I have to admit feeling weird about reviewing an art book. What makes me qualified to review modern/pop art pieces about ’80s video games? My recent trips to the San Francisco and NYC MoMAs? An adolescence obsessed with comic books? More likely, I think it’s the affinity I share with the creators of this art that first-generation video games had not only a profound cultural impact but a personal one as well. I Am 8-Bit compiles the mixed-media work of 70 international artists along with the occasional insight into the specific inspiration behind the piece.

As both Gibson and foreward author Chuck Klosterman state in their introductory texts, video games are a kind of interactive television, wherein the person playing the game has a much more personal involvement and attachment to the characters they’re controlling than they do when watching television or films. In this light, the art should be taken as the expression of that relationship after time, adulthood and nostalgia have set in. As expected, Pac-Man and the Mario Brothers act as the muses for most of the pieces in this exhibition. They’re in command to such an extent that it’s almost disappointing to note the lack of variation. It leaves me pining for tributes to my neglected favorite games — heavyweights like “Castlevania” and “Contra” and obscure gems like “Bionic Commando.” Ultimately, it’s all forgivable, since what’s present is so good– especially Tim Tomkinson’s gonzo “Duck Hunter S. Thomson,” where the name truly says it all.

What’s most remarkable about the majority of the pieces is the delineation between “cute” and “creepy” that usually got blurred in the games themselves. “Pac-Man’s” ghosts, under the brush of Greg Simkins, become surreal and horrifying, but Anna Chambers’ stuffed “Mario” mushrooms are smiling and adorable.

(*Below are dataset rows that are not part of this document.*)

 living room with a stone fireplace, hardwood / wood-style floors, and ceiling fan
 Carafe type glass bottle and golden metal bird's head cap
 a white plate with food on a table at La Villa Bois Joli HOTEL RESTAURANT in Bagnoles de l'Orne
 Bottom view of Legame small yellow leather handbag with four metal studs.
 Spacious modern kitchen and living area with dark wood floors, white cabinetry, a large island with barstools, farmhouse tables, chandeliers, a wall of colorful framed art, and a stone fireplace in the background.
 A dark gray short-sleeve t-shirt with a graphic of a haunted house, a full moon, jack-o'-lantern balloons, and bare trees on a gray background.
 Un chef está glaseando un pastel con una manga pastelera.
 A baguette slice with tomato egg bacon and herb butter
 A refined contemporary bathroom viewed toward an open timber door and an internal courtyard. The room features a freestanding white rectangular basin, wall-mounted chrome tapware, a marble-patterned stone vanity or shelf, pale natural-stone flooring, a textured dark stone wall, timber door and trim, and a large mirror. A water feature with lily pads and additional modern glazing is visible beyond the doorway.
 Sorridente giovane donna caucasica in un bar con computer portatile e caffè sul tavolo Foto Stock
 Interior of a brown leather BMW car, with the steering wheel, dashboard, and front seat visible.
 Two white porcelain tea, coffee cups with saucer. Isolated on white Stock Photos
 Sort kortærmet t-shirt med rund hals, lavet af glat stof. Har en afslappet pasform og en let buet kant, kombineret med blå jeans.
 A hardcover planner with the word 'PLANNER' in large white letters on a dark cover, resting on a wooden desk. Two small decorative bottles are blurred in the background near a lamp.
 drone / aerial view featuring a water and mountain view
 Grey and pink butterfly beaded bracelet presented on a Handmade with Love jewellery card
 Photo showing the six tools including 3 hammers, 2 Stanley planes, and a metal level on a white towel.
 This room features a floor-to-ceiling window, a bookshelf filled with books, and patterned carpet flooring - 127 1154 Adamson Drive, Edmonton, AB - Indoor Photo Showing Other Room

Perhaps the two most telling works come in the form of “Untitled”: one by Peter Gronquist, which features two grenades assembled and painted to resemble Pac-Man and Ms. Pac-Man, and Luke Chueh’s “Dig Dug,” a cartoon-like painting of the hero inflating an enemy to the point of explosion with a bicycle pump, which he calls an “extremely disturbing element” to the game. These takes on dark, absurd and funny forms of violence and surrealism are what seem to have made the deepest impression on these artists. I’m sure the programmers and concept artists of the games that spawned this project are elated and dumbstruck that the weirdness they set forth in the ’80s could have such an affect on the pop art scene of the early 21st century.